Theodore Whyte (Resilience 26 August 2021) argues that central banks across the world are being less than honest about pledges to pull out of the fossil fuel industry when they are doing the opposite. A campaign marketing to build a positive image for population concerned about the climate crisis, is not the same thing as acting on it.
Central banks are continuing to help channel trillions of dollars into fossil fuels through policy decisions and direct financing, with overall sums rising in recent years, a new report has found.
None of the twelve banks examined are on track to meet the Paris Agreement targets despite many of them recently pledging to reach net zero emissions by 2050, the US-based environmental organisation Oil Change International (OCI) said.
The report calls on governments to update the mandates of the banks to support the managed decline of fossil fuels.
The news comes ahead of a virtual conference of central bankers on Friday, where policy leaders and investors are expected to discuss the challenges posed by climate change.
‘Tinkering Around the Edges’
David Tong, Global Industry Campaign Manager at OCI and an author of the report, said in a statement:
“Central banks have access to powerful tools to confront the climate crisis, but they aren’t using them. Instead of using their power to cut off finance for fossil fuels, they are making themselves busy tinkering around the edges of the climate crisis.”
He continued: “The climate crisis is too dire and too urgent for such critical institutions to be dawdling when they could be leading the finance sector in a new, climate-safe direction.”

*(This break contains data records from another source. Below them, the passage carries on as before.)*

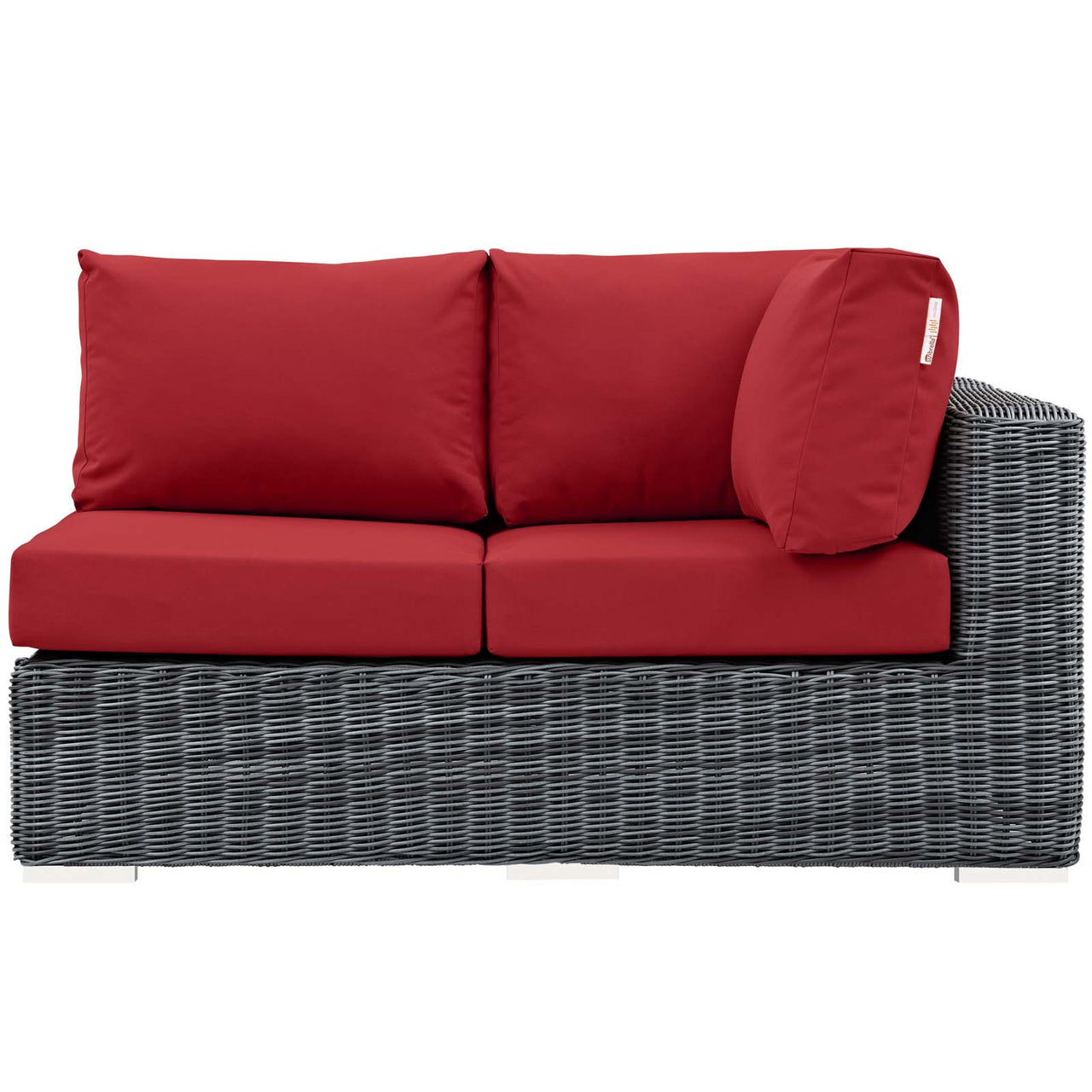Summon Outdoor Patio Sunbrella® Right-Arm Loveseat | Outdoor Modular Sectional Component, Canvas Red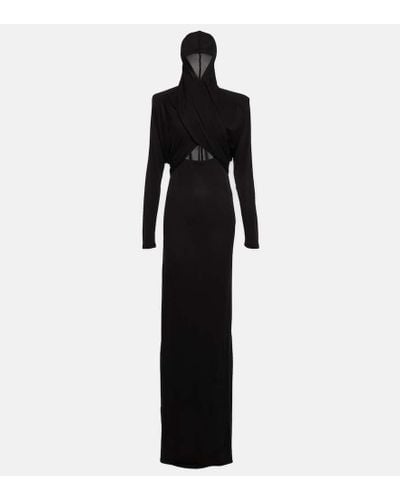 Saint Laurent Hooded Cutout Crepe Gown - Black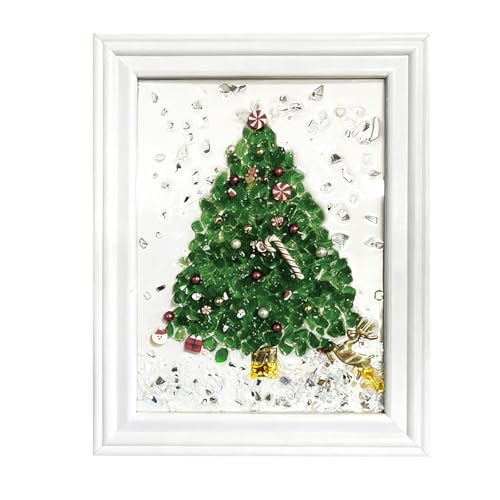 CIYOJA Sea Glass Christmas Tree Craft Kit for Adults: Resin & Mosaic Art Kit with Frame Sea Crushed Glass, Holiday Resin Kit for Handmade Christmas Decorations & Gifts, Beginner-Friendly Home Décor - color: Green-Christmas
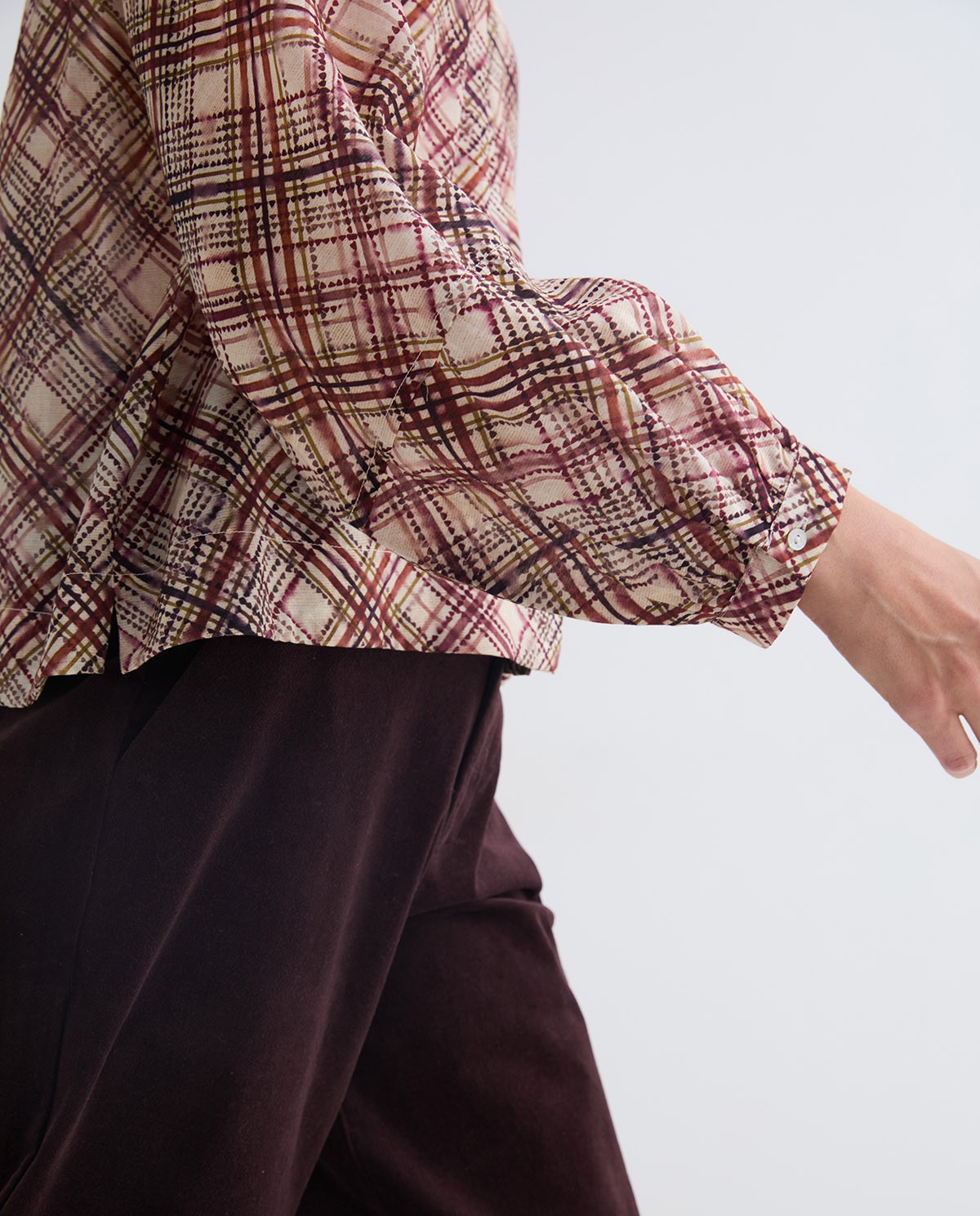 Brusa gasa quadres cru dona Yerse - Detall vista frontal 4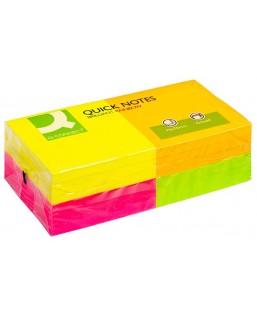 Bloczek samoprzylepny Q-CONNECT Rainbow, 76x76mm, 4x3x80 kart., neon, mix...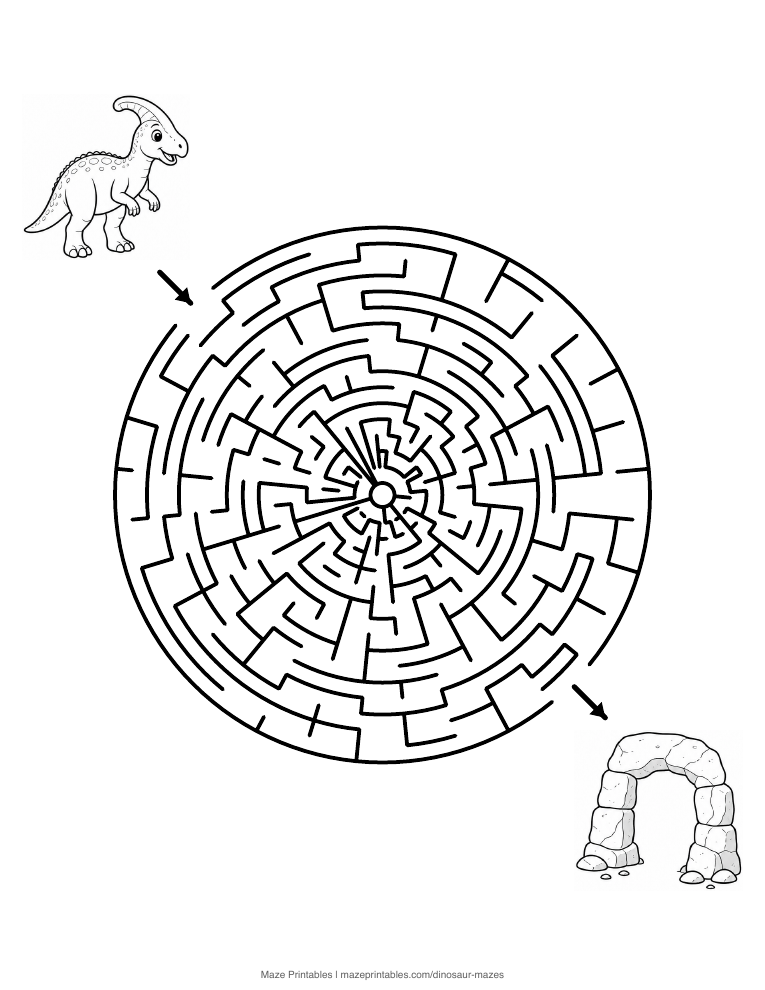 Preview of the Parasaurolophus Canyon Quest printable PDF maze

The report looked at 12 central banks from the UK, US, European Union, Canada, China, France, Germany, India, Italy, Japan, Russia, and Switzerland.
It analysed three key functions of central banks to make its conclusions: asset management; rules and support for commercial banks for financing fossil fuels; and policy and research that could guide decision making in the future.
Banks Defend Climate Record
Some central banks have taken steps to increase their transparency and reporting of climate related risks, but the report says this has been overshadowed by a failure to reduce financial flows to the fossil fuel industries, at an estimated $3.8 trillion in the four years following the Paris Agreement.
Financial flows are also increasing to projects linked to the exploration and development of new fossil fuel resources, indicating that central banks are not using their influence as regulators of commercial banks to stem the flow of capital to polluting activities.
Danisha Kazi, Senior Economist at Positive Money, a UK-based advocacy group which collaborated on the report, said the Bank of England in particular should be doing more, in light of recent commitments.
“With its new remit to support net-zero and environmental sustainability, the Bank of England is in a particularly good position to lead the way, but it has yet to turn its words into actions and actively transition the financial system to a more sustainable footing,” she said.
When asked if the bank believed it was doing enough to meet the goals of the Paris Agreement, a Bank of England spokesperson pointed DeSmog to comments made in June by its Governor Andrew Bailey.
At the time, Bailey said the bank was “on course to meet our ambitious target of reducing emissions by 63 percent from 2016 to 2030, a level of reduction consistent with the goals of the Paris Agreement and industry best practice.”
“In addition, this year we have gone further and made a new commitment to achieve net-zero emissions from our physical operations by 2050 at the latest.”
These do not include so-called “financed” emissions from banks’ lending, however.